*What to do*
An unchanged copy of every record below, without pictures, is the goal.

Recorded data

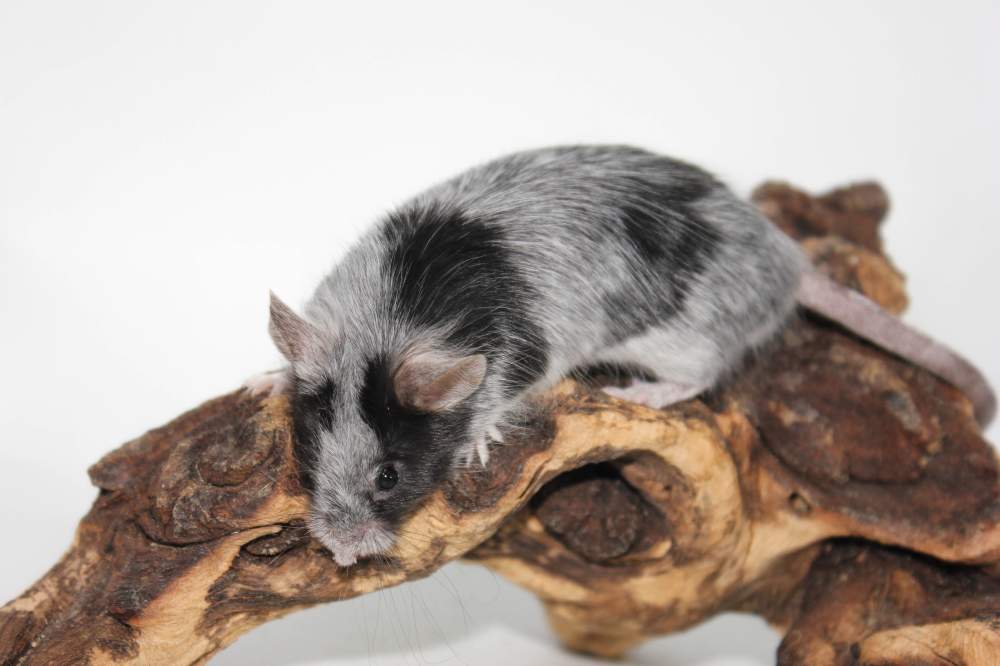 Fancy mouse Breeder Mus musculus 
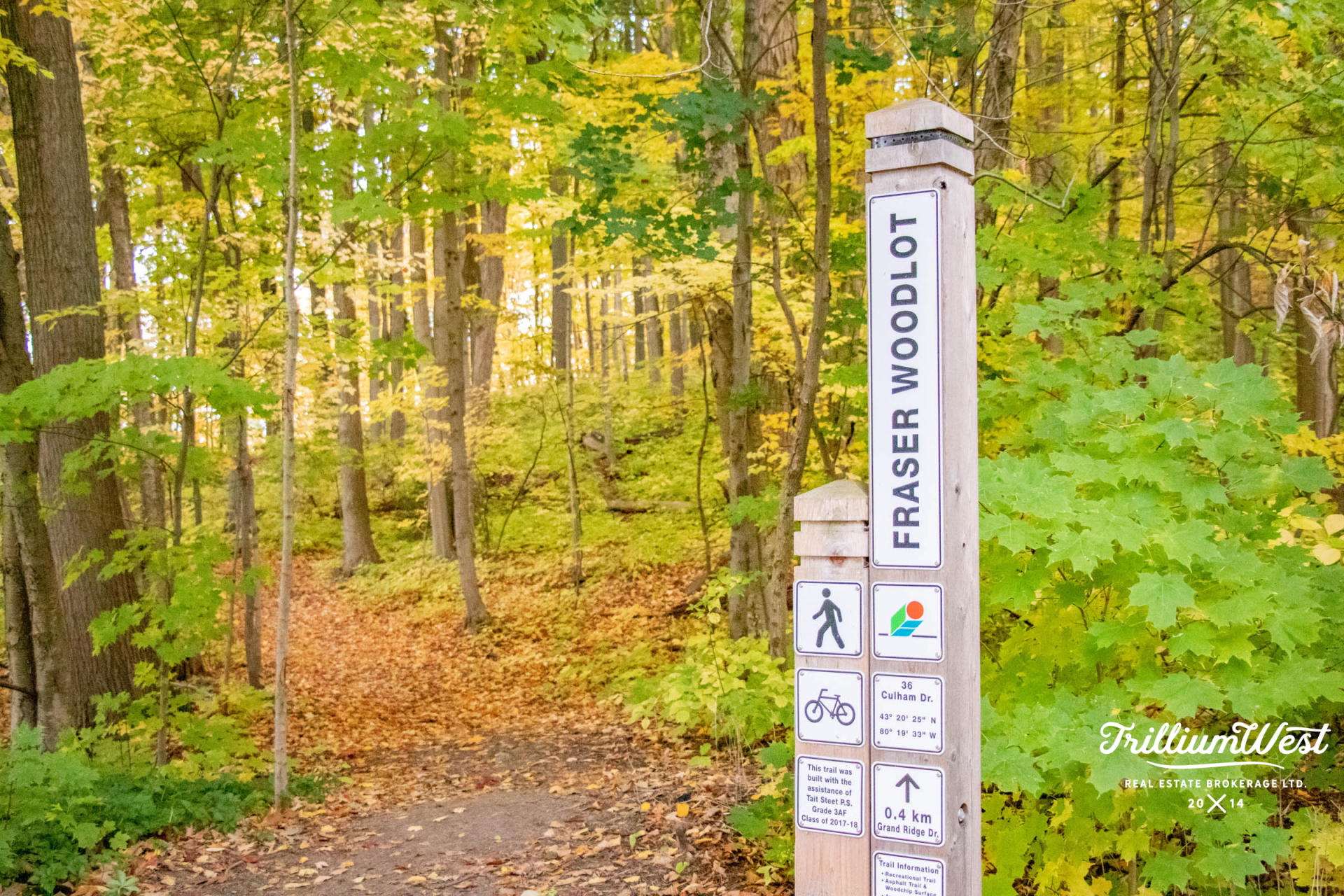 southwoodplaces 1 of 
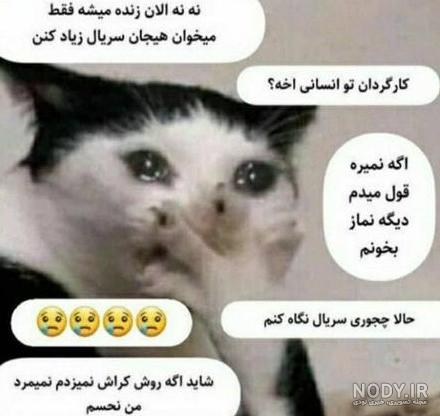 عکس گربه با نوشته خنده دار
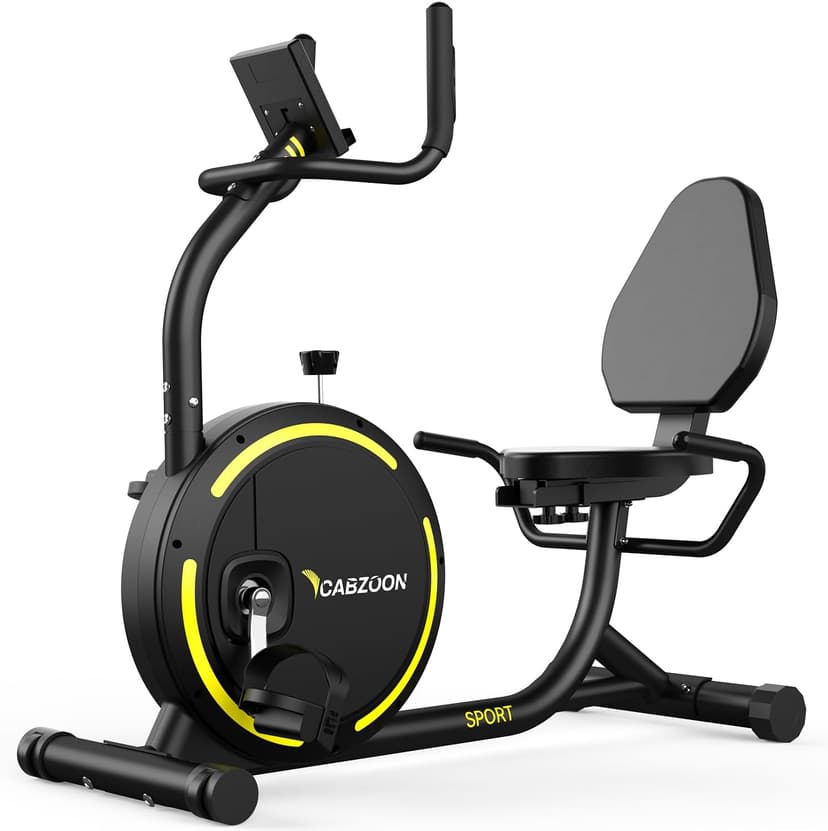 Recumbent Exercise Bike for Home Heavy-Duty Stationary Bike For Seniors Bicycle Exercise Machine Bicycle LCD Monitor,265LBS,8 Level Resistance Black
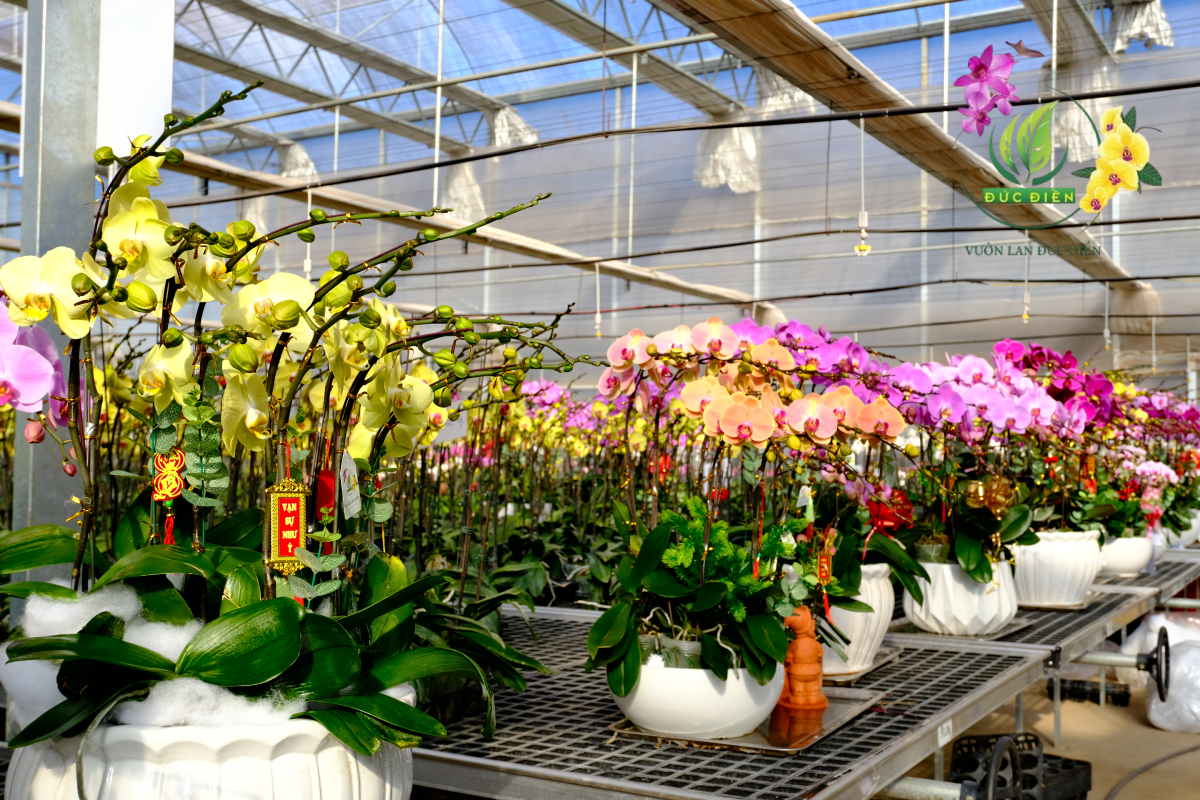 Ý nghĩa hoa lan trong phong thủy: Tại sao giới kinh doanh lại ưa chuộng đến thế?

*Written response*
 Fancy mouse Breeder Mus musculus 
 southwoodplaces 1 of 
 عکس گربه با نوشته خنده دار
 Recumbent Exercise Bike for Home Heavy-Duty Stationary Bike For Seniors Bicycle Exercise Machine Bicycle LCD Monitor,265LBS,8 Level Resistance Black
 Ý nghĩa hoa lan trong phong thủy: Tại sao giới kinh doanh lại ưa chuộng đến thế?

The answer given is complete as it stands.